In 1909, Jerry O'Keefe built a large family home behind the boarding house.  This 2 1/2 story mansion of Beaux-Arts "polite" design, Corinthian columns, and wide galleries has become a symbol of O'Keefe prosperity and financial calamity.  The Jeff Egan glass doors of 1887 were placed on the new house in 1906.  Unfortunately, the O'Keefes lost their Porter Avenue property in 1938, and the doors were removed to Biloxi.  At this time, the O'Keefes vowed to return to Ocean Springs in the future, and reclaim their ancestral property.  In late November 1987, Jeremiah J. O'Keefe III fulfilled the family prophesy when he repurchased the Porter Avenue residence and restored it to its former brilliance.(JXCO, Ms. Land Deed Bk. 71, p. 580-581)

 

In July 1910, the old wooden boarding house was sold to Samuel Backous (1855-1921), a farmer from Indiana who had recently returned to Ocean Springs from Texarkana, Texas.  Backous and his wife had sold their Texas farm, and planned to reside at Ocean Springs permanently.  In September 1907, they had purchased the NW/4, NW/4 of Section 29, T7S-R8W from E.E. Clements of Buncombe County, North Carolina.(JXCO, Ms. Land Deed Bk. 32, pp. 616-617)

 

The old boarding house was moved to the Backous place in 1910.  The upper story was removed.  It is speculated that it was transported over the shell roads of Ocean Springs using a method popular at this time:  When one wished to move a house, he called his neighbors together and organized a hauling bee or halerie.  With a dozen yoke or oxen and three wagons, they soon had the house underway with no difficulty.  First they took the beds off two wagons, and in place of the regular coupling poles they used long logs perhaps thirty feet long.  They jacked up the house then ran poles under it.  Next they chained them up to the two front pair of wheels, thus supporting the house, and it was ready to roll.  They hitched five or six yoke of oxen to each of the wagons, and away they went across the open prairie.(Post, 1974, p. )

 

The Backous family developed their twenty acre site on Old County Road (Government) into a farm, and probably utilized the boarding house as a home.  In July 1921, Samuel Backous died suddenly while working in his field.

 

The O'Keefe Boarding House is extant serving as the National Registered Home of Mrs. Alvah E. Clark at 2122 Government. 

 

REFERENCES:

Regina Hines, Ocean Springs 1892, (2nd Edition), Lewis Printing Services:  Pascagoula-1991), pp. 67, 69, and 82.

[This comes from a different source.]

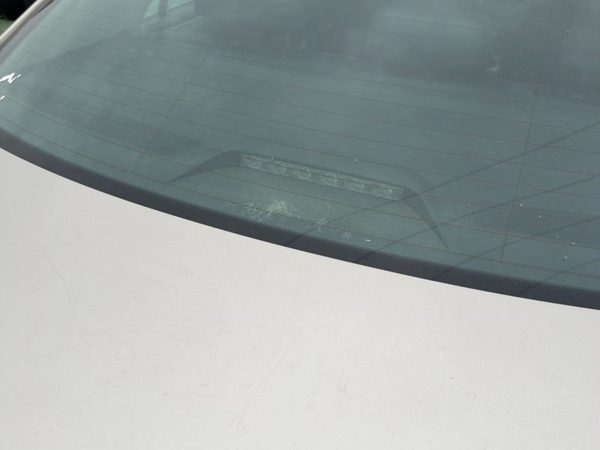 11-26 Vw Jetta Third Brake Light Middle Lamp Oem — photo 1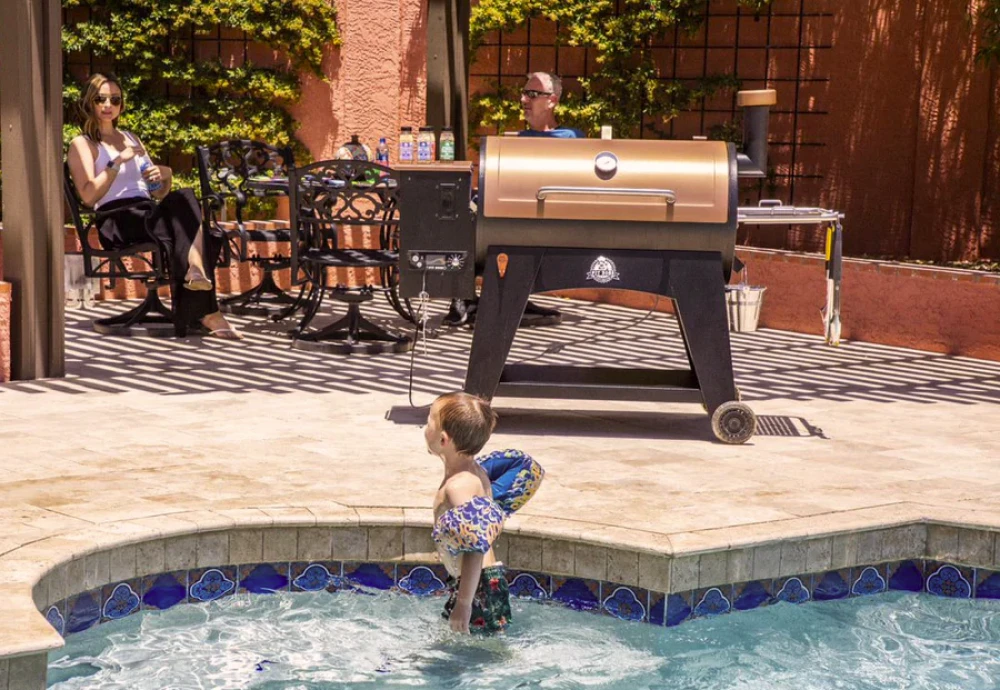 combination charcoal grill and smoker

Lauren C. Post, Cajun Sketches, (Louisiana State University Press: Baton Rouge-1974),

Bradford-O'Keefe Funeral Home Brochure, pp. 1-2.

The History of Jackson County, Mississippi, "O'Keefe", (Jackson County Genealogical Society:  Pascagoula-1989), pp.

300-301.

The Jackson County Times"Local and Personal", July 23, 1921.

The Pascagoula Democrat-Star“Ocean Springs Items”, February 4, 1881.

The Pascagoula Democrat-Star, September 20, 1895.

The Pascagoula Democrat-Star, August 14, 1896, p. 3.

The Ocean Springs News"Local News", March 19, 1910.

The Ocean Springs News"Local News", July 23, 1910.